Car l'amertume reste longtemps à l'orée du film, parquée dans un enclos étroitement surveillé dont on sait qu'à un moment où un autre, elle finira par s'extraire. Clément vit comme un poisson hors de son bocal, évoluant dans un monde (la bourgeoisie bohème d'Alicia) où il ne trouve jamais totalement sa place. À l'inverse, celui que lui propose la fantasque Caprice ressemble à ce que ce gentil fonctionnaire pouvait attendre de plus naturellement aventureux.
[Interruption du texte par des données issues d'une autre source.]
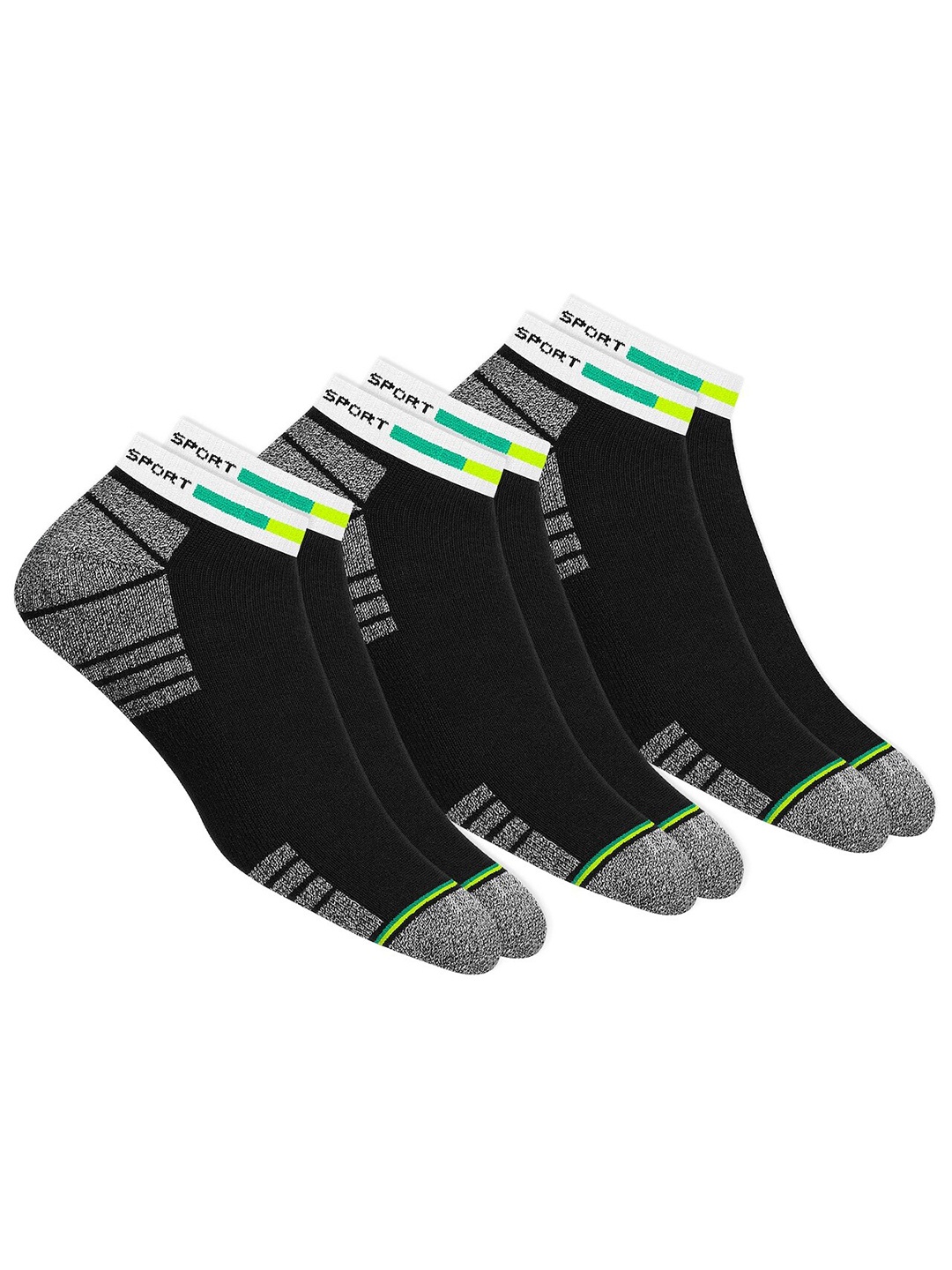 

NAVYSPORT Men Pack Of 3 Patterned Ankle Length Cotton Socks, Black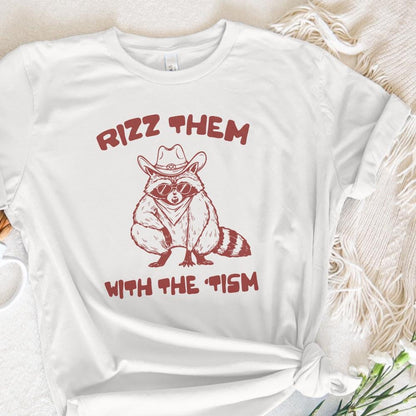 Autism Awareness Rizz 'Em With 'Tism PNG, Funny Raccoon Meme Digital File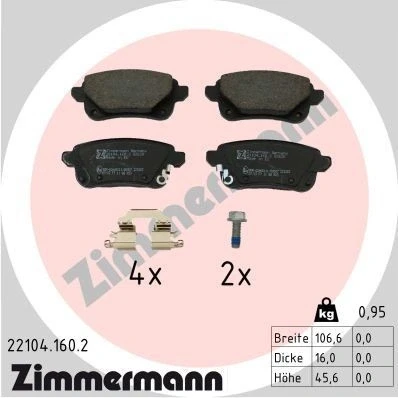 Imagen de ZIMMERMANN 22104.160.2 Juego de pastillas freno RENAULT: Talisman Berlina, Grandtour, Zoe, NISSAN: Juke II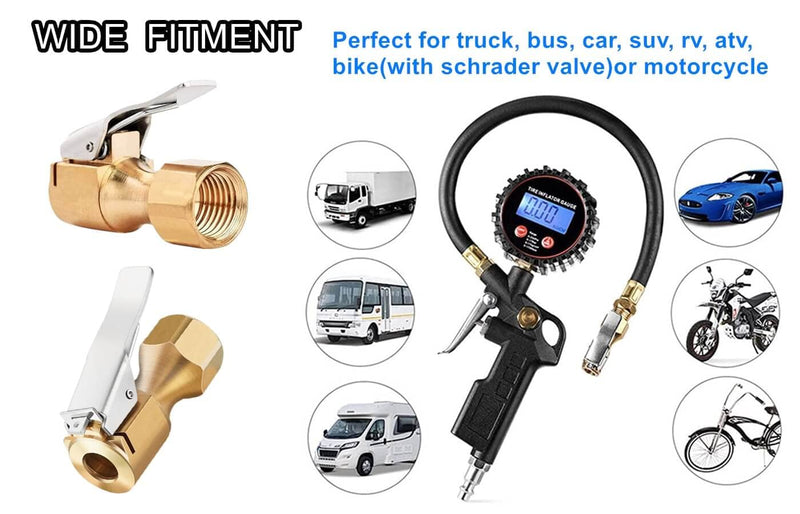 Heavy Duty Brass Air Chuck with Clip Adapter, Open Flow Straight Tire Chuck Air Nozzle, 1/4" FNPT Tyre Chuck for Tire Inflator Pressure Gauge Air Pump Compressor Accessories (Brass, 2 Pack) B-2Pack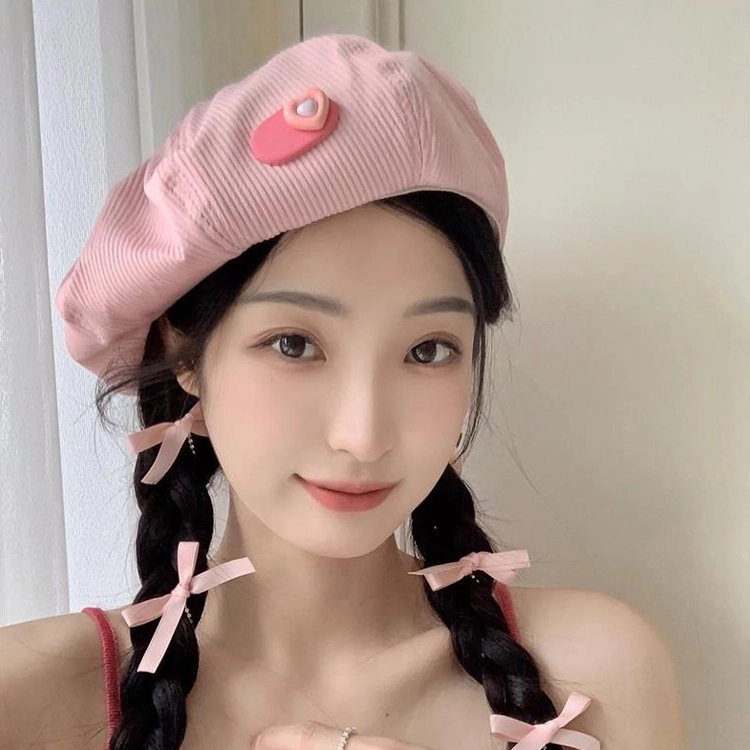 玄唐 日系甜美爱心多巴胺元气薄款出游学生时尚百搭显脸小画家 腈纶 贝雷帽 女款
Le dernier acte, où Mouret s'essaie à nouveau au mélodrame, n'est pas forcément ce qu'il réussit le mieux, mais c'est là où il exprime la vérité de son film, inversant à nouveau la donne, l'image édénique de bonheur retrouvé se heurtant à une mélancolie insidieuse qui en souligne la fragilité.

Caprice
De et avec Emmanuel Mouret (Fr, 1h40) avec Virgine Efira, Anaïs Demoustier…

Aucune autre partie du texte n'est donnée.